Remember that flashy promise Snowbreak's devs made during a late-night livestream about a 100% rate-up gacha pool? Well, it's finally happening — sort of. They're now recruiting real players to "test" the pool. Wait, test a gacha mechanic? With actual humans? The community is absolutely baffled.

The comment section split into factions immediately. The first camp, the pragmatists, hit back hard: Can't you just write the code and run hundreds of thousands of simulated pulls internally? Why do you need players for this? Fair point — probability testing has always been a backend data job, not a public beta event.
But the other camp fired back with something genuinely hard to argue against: Computers don't have emotions. Humans do. You can't simulate the emotional threshold of gacha pulling with code. And honestly? They have a point. You can mathematically verify odds all day, but the blood pressure spike when you lose the 50/50, or the sweaty palms as pity count approaches — no program can replicate that. One commenter added that the test is specifically about simulating the new-player experience: Snowbreak had a wave of new players join recently who rage-quit after spending hours on the main story only to lose their pulls to standard pool spooks.
But the majority of players aren't buying the "emotional QA" angle. A highly-upvoted comment cut straight through the PR: They're testing market reception — seeing where to set the pity threshold. The subtext is obvious: the devs probably haven't decided the exact pity count yet, so they're dropping a test version to gauge player sentiment before committing. Another commenter speculated they might offer multiple pool configurations and let testers vote on which one ships — essentially outsourcing the design decision to the community. Floor 18 put it even more bluntly: No matter what numbers they pick, someone will be unhappy. If they cook up the numbers themselves, players won't buy it. If everyone cooks the numbers together, at least they have a scapegoat. Using community consensus as a shield — classic move.
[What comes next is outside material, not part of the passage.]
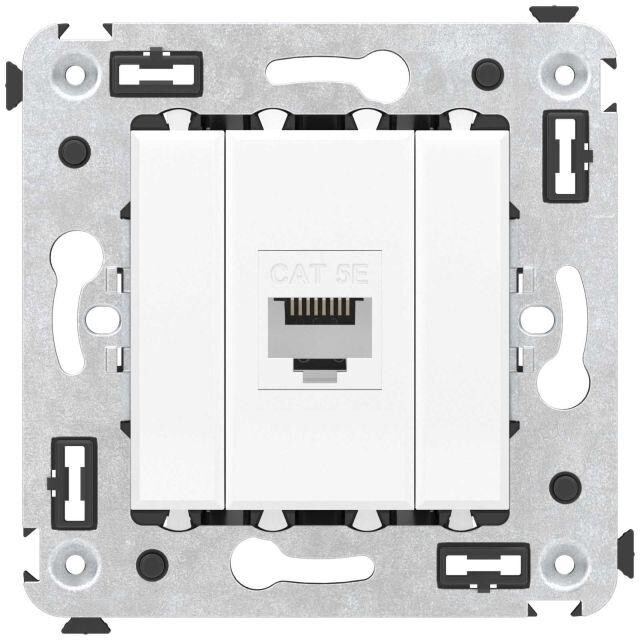 

Розетка компьютерная DKC Avanti встраиваемая белая RJ45 (9549964), Белый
As for how this 100% pool actually works, commenters drew extensive comparisons to Punishing: Gray Raven (PGR). Someone explained PGR's system in detail: both the normal event banner and the "gambler's" banner give 100% rate-up on the current new character, with identical overall expected value — the only difference is per-pull probability. The key distinction with Snowbreak's version is that standard pool characters CAN still spook you, but they won't reset your 100% pity counter. One player guessed the pity line lands at 120 pulls: If it were 100 guaranteed, there'd be no reason for the gambler pool to exist.
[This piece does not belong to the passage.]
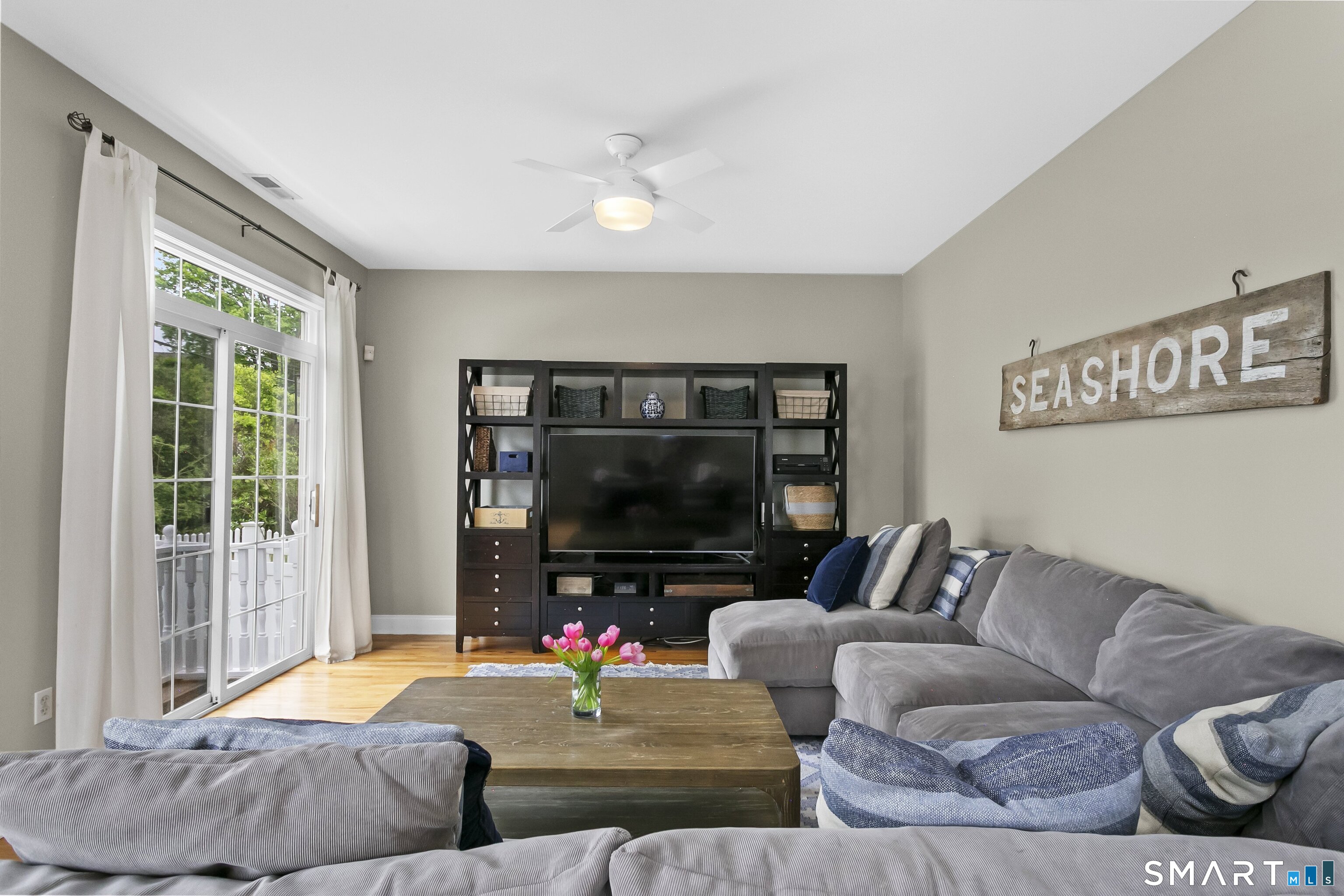 896 Riverside Drive Fairfield, CT 06824 - Photo 14 of 31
The most savage take came from Floor 19: I feel like the guaranteed pool matters most to unlucky players (非酋, gacha doomers) — but they probably can't even pull the testing qualification. Translation: the people who need the 100% guarantee the most are the eternally unlucky players, but the test recruitment itself is basically another gacha roll. If you're cursed with bad luck, you can't even get INTO the test. It's gacha hell inception — a nested nightmare wrapped in irony. Oh, and some players noticed the official test timing is suspiciously convenient, noting "they sure know how to pick their dates" — though nobody elaborated on what exactly that means. Make of that what you will.